Below are records; copy every line among them that contains the word "Latarka".

Segment Open

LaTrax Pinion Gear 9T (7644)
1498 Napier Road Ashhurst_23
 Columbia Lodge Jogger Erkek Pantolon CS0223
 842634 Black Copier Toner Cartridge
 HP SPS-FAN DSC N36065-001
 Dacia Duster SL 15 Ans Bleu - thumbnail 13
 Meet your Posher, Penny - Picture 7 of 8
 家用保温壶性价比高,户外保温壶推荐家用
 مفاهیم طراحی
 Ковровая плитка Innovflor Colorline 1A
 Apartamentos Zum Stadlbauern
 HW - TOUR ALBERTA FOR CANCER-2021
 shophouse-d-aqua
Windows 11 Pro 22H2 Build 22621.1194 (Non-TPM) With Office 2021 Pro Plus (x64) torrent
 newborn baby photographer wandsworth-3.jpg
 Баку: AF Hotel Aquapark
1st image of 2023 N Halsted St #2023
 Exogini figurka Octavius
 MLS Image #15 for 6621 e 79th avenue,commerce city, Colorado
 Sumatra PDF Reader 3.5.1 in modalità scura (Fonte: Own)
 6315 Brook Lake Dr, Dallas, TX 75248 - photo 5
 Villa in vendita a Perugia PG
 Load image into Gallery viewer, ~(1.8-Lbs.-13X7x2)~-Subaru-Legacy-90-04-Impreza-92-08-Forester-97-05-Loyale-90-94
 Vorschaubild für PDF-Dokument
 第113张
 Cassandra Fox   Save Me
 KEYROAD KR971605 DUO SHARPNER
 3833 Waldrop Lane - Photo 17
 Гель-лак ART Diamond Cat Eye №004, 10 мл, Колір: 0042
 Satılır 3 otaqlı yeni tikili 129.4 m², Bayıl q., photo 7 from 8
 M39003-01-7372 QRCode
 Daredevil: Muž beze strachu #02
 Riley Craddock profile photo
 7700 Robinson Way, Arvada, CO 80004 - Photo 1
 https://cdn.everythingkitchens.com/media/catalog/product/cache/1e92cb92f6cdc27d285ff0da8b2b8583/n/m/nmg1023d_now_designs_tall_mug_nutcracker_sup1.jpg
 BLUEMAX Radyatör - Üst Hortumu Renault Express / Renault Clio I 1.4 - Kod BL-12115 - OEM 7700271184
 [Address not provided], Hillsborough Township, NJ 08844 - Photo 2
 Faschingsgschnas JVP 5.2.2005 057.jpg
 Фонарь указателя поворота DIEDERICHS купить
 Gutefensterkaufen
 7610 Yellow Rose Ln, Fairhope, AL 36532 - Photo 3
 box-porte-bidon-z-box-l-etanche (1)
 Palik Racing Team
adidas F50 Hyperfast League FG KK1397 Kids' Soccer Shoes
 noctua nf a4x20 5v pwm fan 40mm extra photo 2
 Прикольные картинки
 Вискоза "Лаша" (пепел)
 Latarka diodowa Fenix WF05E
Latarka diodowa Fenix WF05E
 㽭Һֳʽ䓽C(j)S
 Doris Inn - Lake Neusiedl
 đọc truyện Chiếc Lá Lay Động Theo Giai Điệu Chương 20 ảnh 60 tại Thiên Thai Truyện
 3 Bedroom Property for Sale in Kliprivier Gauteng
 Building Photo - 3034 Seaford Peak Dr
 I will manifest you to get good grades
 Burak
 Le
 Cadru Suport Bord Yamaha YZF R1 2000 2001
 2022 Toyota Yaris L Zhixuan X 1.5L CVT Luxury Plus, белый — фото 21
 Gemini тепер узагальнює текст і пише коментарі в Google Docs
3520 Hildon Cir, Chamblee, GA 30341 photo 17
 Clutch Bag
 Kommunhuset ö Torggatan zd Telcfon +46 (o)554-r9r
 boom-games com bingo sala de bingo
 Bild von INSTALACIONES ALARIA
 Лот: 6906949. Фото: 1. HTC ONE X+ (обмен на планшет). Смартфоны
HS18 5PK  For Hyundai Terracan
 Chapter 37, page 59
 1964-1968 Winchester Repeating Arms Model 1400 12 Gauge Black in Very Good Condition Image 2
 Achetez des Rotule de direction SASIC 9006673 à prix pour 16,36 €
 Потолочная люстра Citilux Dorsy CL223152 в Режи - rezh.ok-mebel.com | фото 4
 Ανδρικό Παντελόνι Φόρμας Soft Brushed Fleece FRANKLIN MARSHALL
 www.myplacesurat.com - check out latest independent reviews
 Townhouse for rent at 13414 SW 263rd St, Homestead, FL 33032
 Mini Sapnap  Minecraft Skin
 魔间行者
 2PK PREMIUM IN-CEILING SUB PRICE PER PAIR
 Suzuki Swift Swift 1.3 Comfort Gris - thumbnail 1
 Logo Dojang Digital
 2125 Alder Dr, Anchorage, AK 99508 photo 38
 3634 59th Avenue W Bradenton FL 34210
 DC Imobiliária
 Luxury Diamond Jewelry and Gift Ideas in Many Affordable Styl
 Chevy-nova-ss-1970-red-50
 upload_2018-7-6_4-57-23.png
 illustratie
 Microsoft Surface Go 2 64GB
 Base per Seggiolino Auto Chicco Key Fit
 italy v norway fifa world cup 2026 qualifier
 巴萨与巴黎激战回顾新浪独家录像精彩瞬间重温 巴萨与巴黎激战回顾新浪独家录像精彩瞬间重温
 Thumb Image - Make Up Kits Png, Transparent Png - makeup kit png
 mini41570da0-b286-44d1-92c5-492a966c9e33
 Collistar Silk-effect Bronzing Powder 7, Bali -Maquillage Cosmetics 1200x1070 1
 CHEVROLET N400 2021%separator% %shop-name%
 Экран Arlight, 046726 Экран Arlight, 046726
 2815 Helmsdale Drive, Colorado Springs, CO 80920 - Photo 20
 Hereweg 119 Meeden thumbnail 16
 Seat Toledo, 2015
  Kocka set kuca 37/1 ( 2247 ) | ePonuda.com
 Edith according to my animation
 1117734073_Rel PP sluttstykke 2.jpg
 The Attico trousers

Segment Closed

→ **Written answer**
 Latarka diodowa Fenix WF05E
Latarka diodowa Fenix WF05E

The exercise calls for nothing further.